Working From Home Challenges

As someone who lives with chronic pain, I know how frustrating and debilitating it can be. I recently went back to work and my joint pain has increased tenfold. It feels like there’s a tourniquet wrapped around my leg, cutting off circulation to the leg with osteonecrosis. This makes it difficult to move around and be active, which is essential for managing chronic pain.

I’m going back to basics and posting about things that have helped me get my pain under control in the past. I hope that sharing my experiences will help others who are struggling with chronic pain.

One of the things that has helped me the most is staying active. Even when it’s difficult to move around, I make sure to do some sort of activity every day. This helps keep my joints loose and my muscles strong. I also find that heat therapy can be very helpful in managing my pain. Cold never helped me much, in fact it makes my pain intensify.

I know that living with chronic pain can be extremely difficult, but I want people to know that there is hope. There are things that can be done to manage pain and live a relatively normal life. If you’re struggling, don’t give up. Reach out to me or another resource for support.

I have been doing some things the past couple weeks to help and I will fill you in on my next post.

Living with joint pain can be a challenge in itself, but throw in having factor five Leiden, MTHFR, and PAI-1 blood clot disorder and it can feel like an uphill battle. As someone who lives with all three disorders and works from home remotely, I know firsthand the challenges that come along with it.

Factor five Leiden is a genetic mutation that causes an increased risk of blood clots, which can lead to serious health complications.

MTHFR is another genetic mutation that affects the body’s ability to process folic acid, leading to potential health issues such as blood clots, stroke, and heart disease.

PAI-1 blood clot disorder increases the production of a protein that can lead to blood clots.

Working from home can seem like the perfect solution for someone with joint pain, as it allows for a more flexible work schedule and the ability to control your environment. However, it also means spending long hours sitting in front of a computer, which can increase the risk of blood clots.

To combat this, it’s important to take frequent breaks and stretch throughout the day. Investing in an ergonomic chair and setting up a workstation that is designed to minimize joint pain can also be helpful.

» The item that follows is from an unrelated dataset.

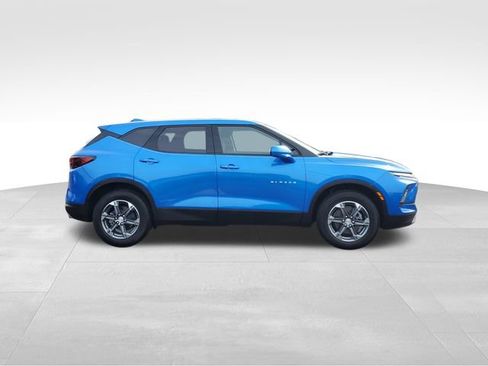 Certified 2024 Chevrolet Blazer LT w/ Driver Confidence Package FWD image 6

Additionally, it’s crucial to stay on top of medical appointments and medication regimens. Working from home can make it easy to neglect these important aspects of healthcare, but it’s essential to prioritize them to prevent further health complications.

Overall, living with joint pain and multiple blood clot disorders can be challenging, but taking steps to prioritize self-care.

Here are some foods that I eat and I avoid.

Firstly, it’s important to incorporate plenty of anti-inflammatory foods into your diet. These include fatty fish like salmon and tuna, as well as nuts and seeds. Leafy greens, berries, and colorful fruits and vegetables are also great choices.but with factor v , I limit my spinach and kale.

On the other hand, you should avoid or limit foods that are known to trigger inflammation, such as processed snacks and sweets, red meat, and fried foods. Dairy and gluten can also be problematic for some people with joint pain.

If you have a clotting disorder like factor five Leiden or PAI-1, it’s important to limit or avoid foods that are high in vitamin K, which promotes blood clotting. These include leafy greens like kale and spinach, as well as liver and certain oils.

Incorporating these dietary changes can make a big difference in managing joint pain and clotting disorders. But as always, be sure to consult with a healthcare professional for personalized advice and guidance.